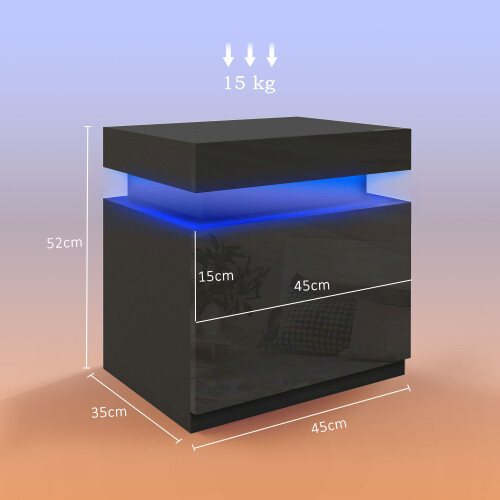 Homcom HOMCOM High Gloss Bedside Table with LED Light and 2 Drawers, Black 2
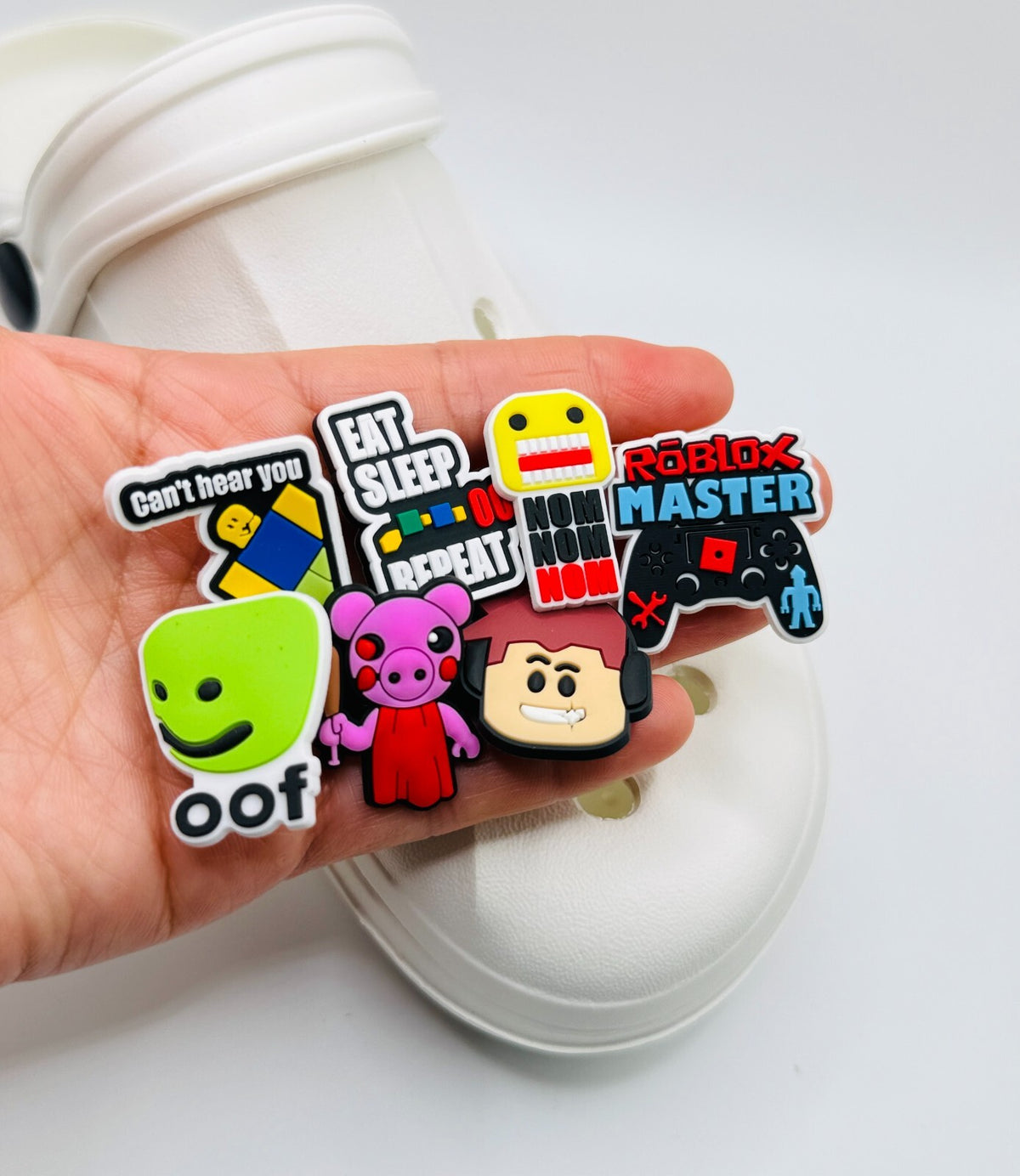 Roblok Gaming shoe charms, set of 7, for Crocs-style clogs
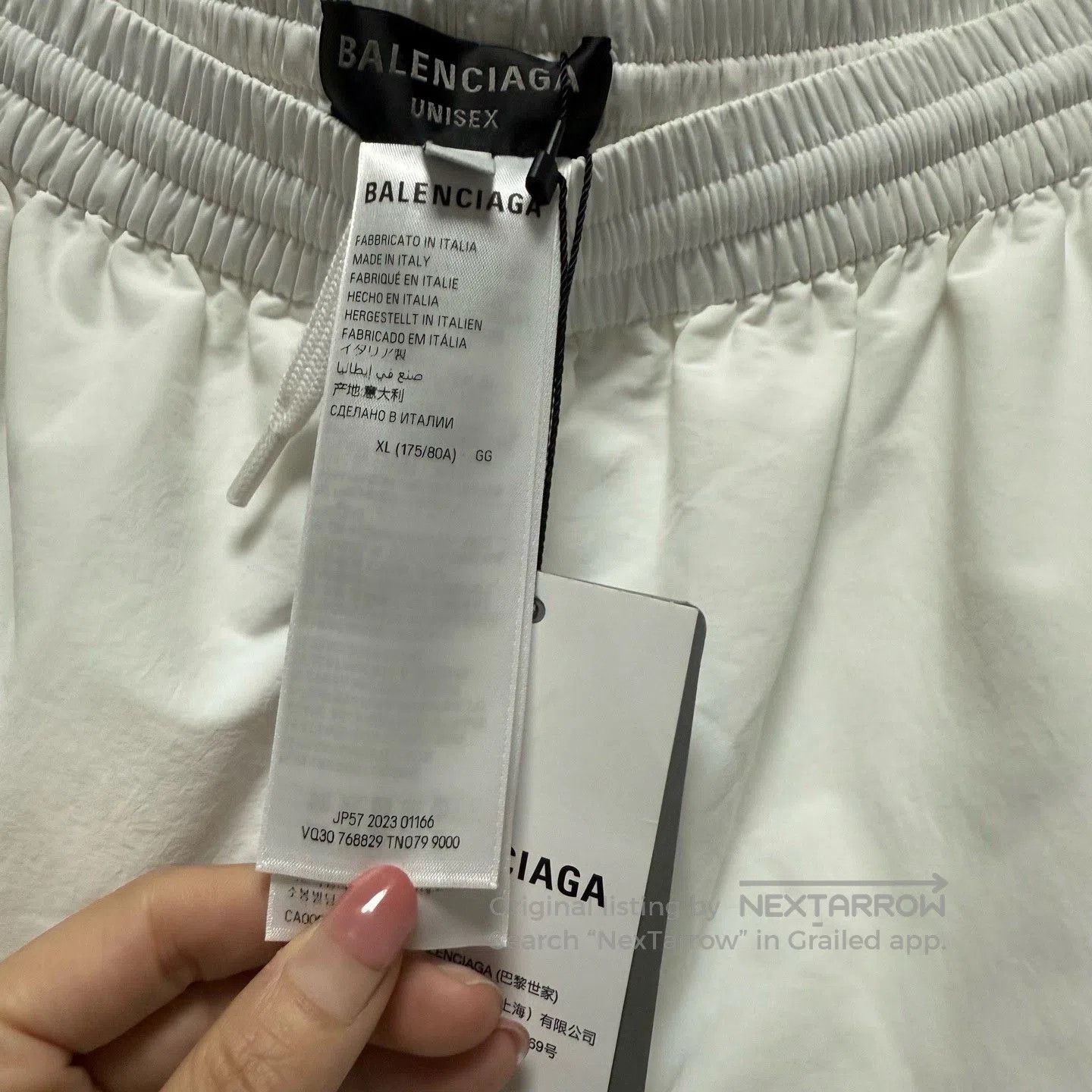 Balenciaga Balenciaga White Big Logo Nylon Track Pants. Size US 34 / EU 50 - 4 Thumbnail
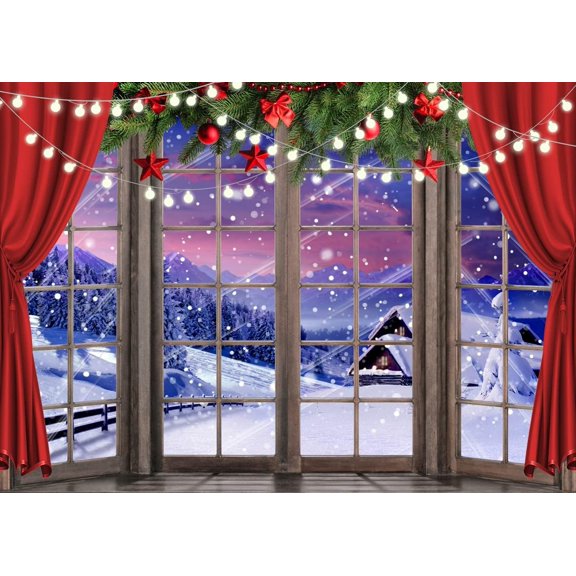 7X5FT Christmas Backdrop Xmas Window Photography Backdrop Winter Dream Wonderland Snow Tree Red Curtain Christma Photo Backdrop Studio Props Banner X-67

Problem to solve:
Print the material word for word without images.

Answer box:
 Homcom HOMCOM High Gloss Bedside Table with LED Light and 2 Drawers, Black 2
 Roblok Gaming shoe charms, set of 7, for Crocs-style clogs
 Balenciaga Balenciaga White Big Logo Nylon Track Pants. Size US 34 / EU 50 - 4 Thumbnail
 7X5FT Christmas Backdrop Xmas Window Photography Backdrop Winter Dream Wonderland Snow Tree Red Curtain Christma Photo Backdrop Studio Props Banner X-67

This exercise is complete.